**Problem statement**
Starting with the line that has "Thumbnail: 2015 Toyota Highlander - 5" in the records below and ending with the line that has "BMW 330 e Sedan", output those lines exactly and nothing more; omit the pictures.

**Data for analysis**
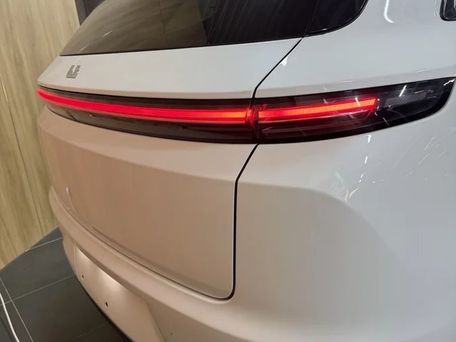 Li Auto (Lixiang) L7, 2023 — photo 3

...

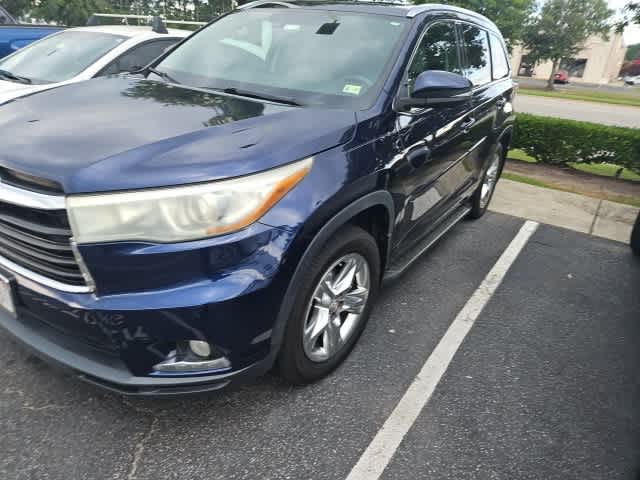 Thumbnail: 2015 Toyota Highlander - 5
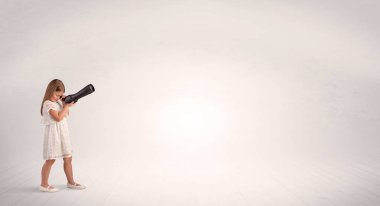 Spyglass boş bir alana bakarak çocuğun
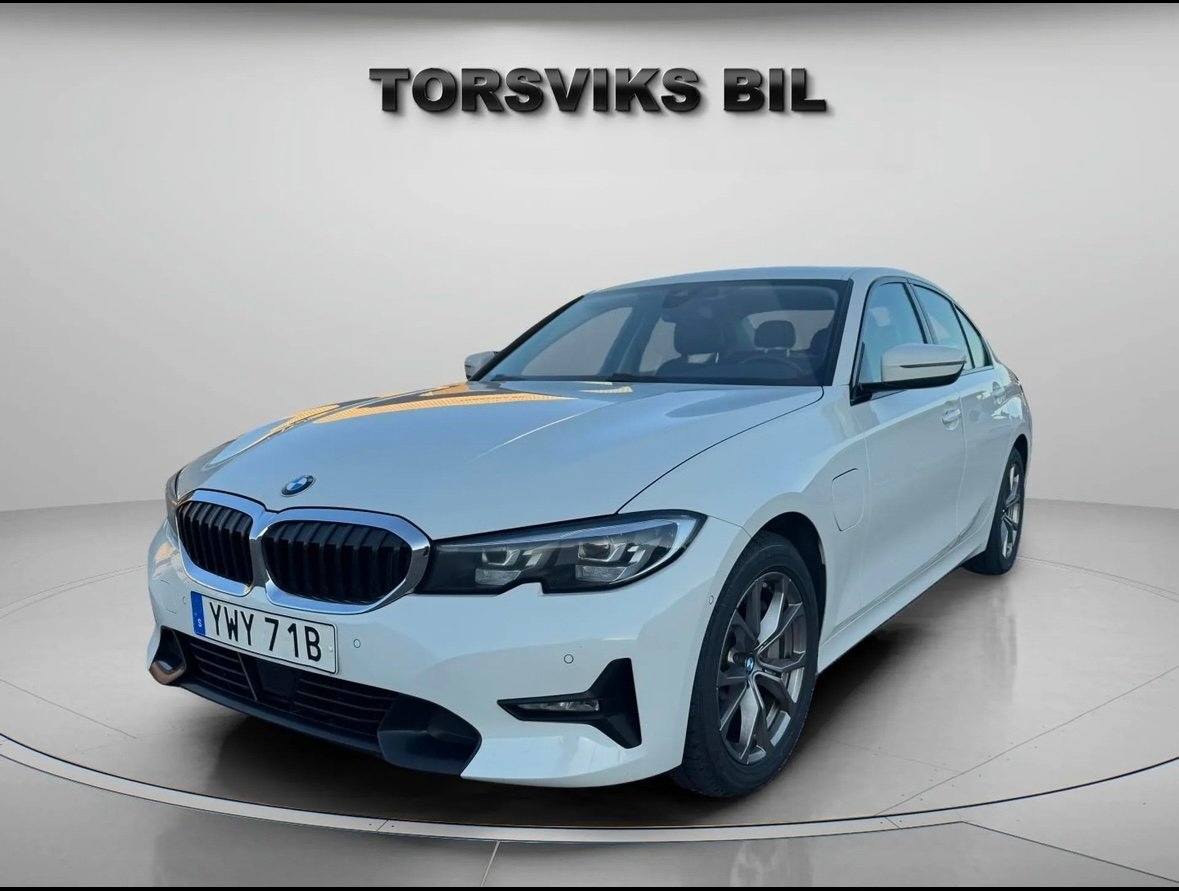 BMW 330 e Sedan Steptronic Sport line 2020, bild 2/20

**Exercise output**
 Thumbnail: 2015 Toyota Highlander - 5
 Spyglass boş bir alana bakarak çocuğun
 BMW 330 e Sedan Steptronic Sport line 2020, bild 2/20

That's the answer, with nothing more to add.